Para a 3ª Turma, o desentendimento no trânsito que resultou na morte não pode ser equiparado a caso fortuito de caráter imprevisível.
20/12/21 – A Terceira Turma do Tribunal Superior do Trabalho (TST) reconheceu a responsabilidade civil da Uber do Brasil Tecnologia Ltda. pela morte de um motorista do aplicativo após discussão no trânsito. Para o colegiado, o fato não poderia ser equiparado a caso fortuito externo de caráter imprevisível, em razão do risco da atividade. Com isso, o processo retornará ao Tribunal Regional do Trabalho da 7ª Região (CE), para o julgamento dos pedidos de indenizações por danos morais e materiais dos herdeiros do motorista.
Tiros
Na reclamação trabalhista, a viúva e o filho menor do trabalhador disseram que ele trabalhava única e exclusivamente como motorista da Uber, tirando da atividade o seu sustento. Em setembro de 2018, o motorista foi morto a tiros durante o serviço.
Segundo as autoridades de segurança, ele foi alvejado e morto após se desentender com um motoqueiro, no bairro de Jacarecanga, em Fortaleza (CE).
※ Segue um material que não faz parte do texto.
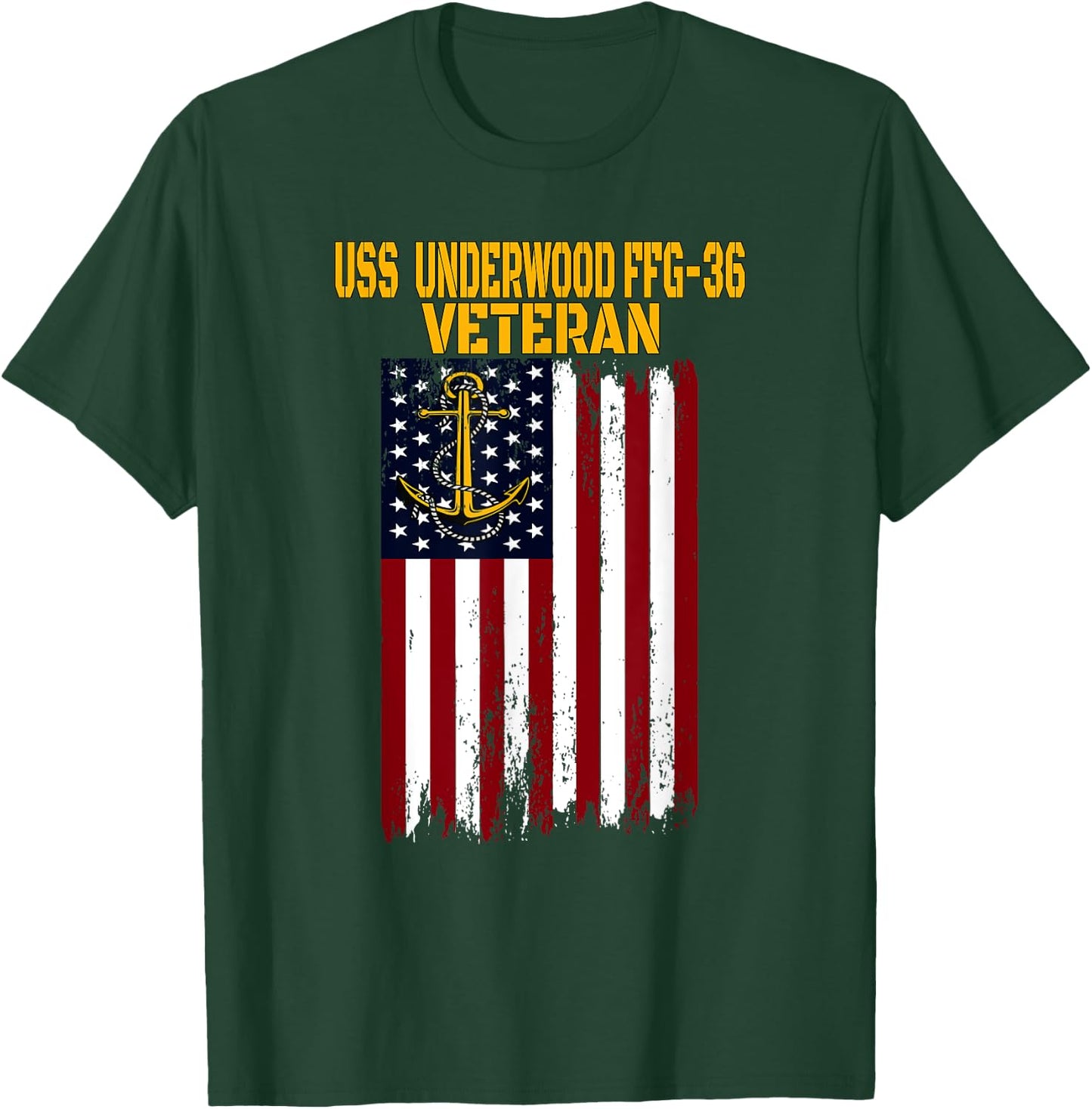 USS Underwood FFG-36 Frigate Veterans Day Father's Day T-Shirt - T-Shirt | Forest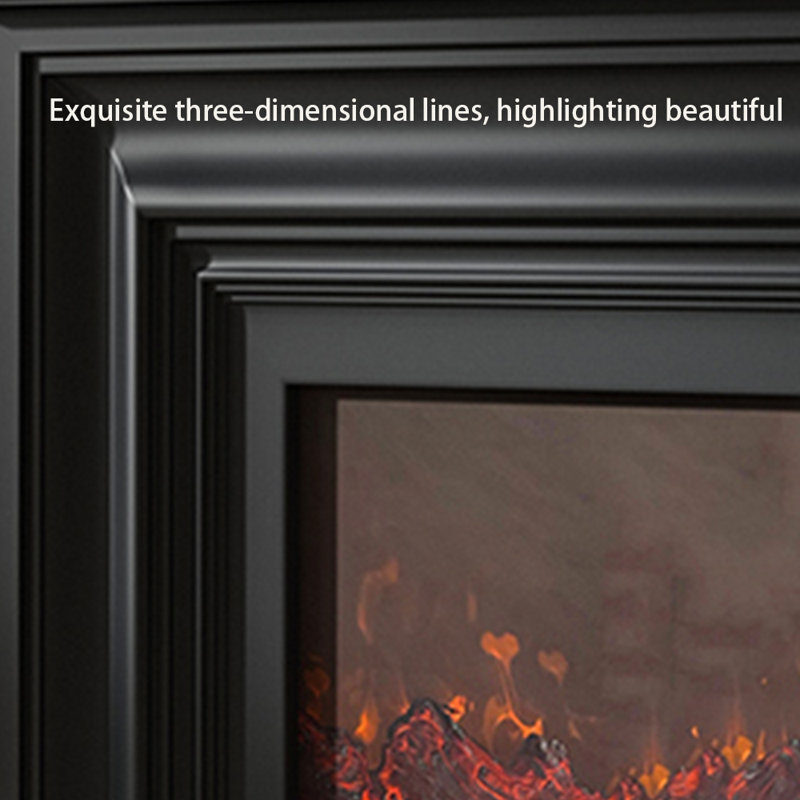 Élégante cheminée à conception tridimensionnelle, H 40,15 po x l 47,24 po x P 12,99 po, Noir, noir, noir, noir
De acordo com informações colhidas por jornalistas na hora da ocorrência, o aplicativo Uber Motorista estava ligado.
A Uber, em sua defesa, sustentou a incompetência da Justiça do Trabalho para a análise do pedido, sob os argumentos de que sua atividade é apenas a de intermediação digital e de que sua relação com os motoristas não é de trabalho, mas comercial de natureza civil.
Culpa de terceiro
O juízo de primeiro grau julgou improcedente o pedido de indenização, e o TRT da 7ª Região manteve a sentença. Embora reconhecendo que a relação entre o motorista e o aplicativo é de trabalho, o TRT entendeu que a morte ocorrera por culpa exclusiva de terceiro, o que afastaria o nexo de causalidade entre o fato e as atividades e, consequentemente, a responsabilidade da Uber.
Essa decisão foi objeto de recursos interpostos pelos herdeiros e pela empresa, que insistiu na incompetência da Justiça do Trabalho.
Relação de trabalho
O relator do recurso de revista, ministro Agra Belmonte, explicou que a competência da Justiça do Trabalho é definida pelo pedido e causa de pedir a partir da natureza da relação mantida pelas partes. No caso, o pedido de indenização decorre da relação de trabalho , na condição de autônomo, estabelecida entre o motorista e a Uber, na prestação do serviço. Dessa forma, não se pode afastar a competência da Justiça do Trabalho.
Em seu voto, o ministro observou que o Superior Tribunal de Justiça (STJ) já decidiu que é da Justiça Comum a competência para o exame de controvérsias entre motoristas e a Uber. No entanto, essa competência se refere aos pedidos de danos morais decorrentes do desligamento e da reativação de contas, e não da execução de serviços prestados com pessoalidade.
Transportadora
Em relação à responsabilidade da empresa, o ministro assinalou que a Uber não tem frota e se utiliza de motoristas com veículos próprios para o transporte de pessoas por intermédio de aplicativo. Por isso, sua atividade deve ser caracterizada como transportadora, e sua relação com o motorista como de prestador de serviços.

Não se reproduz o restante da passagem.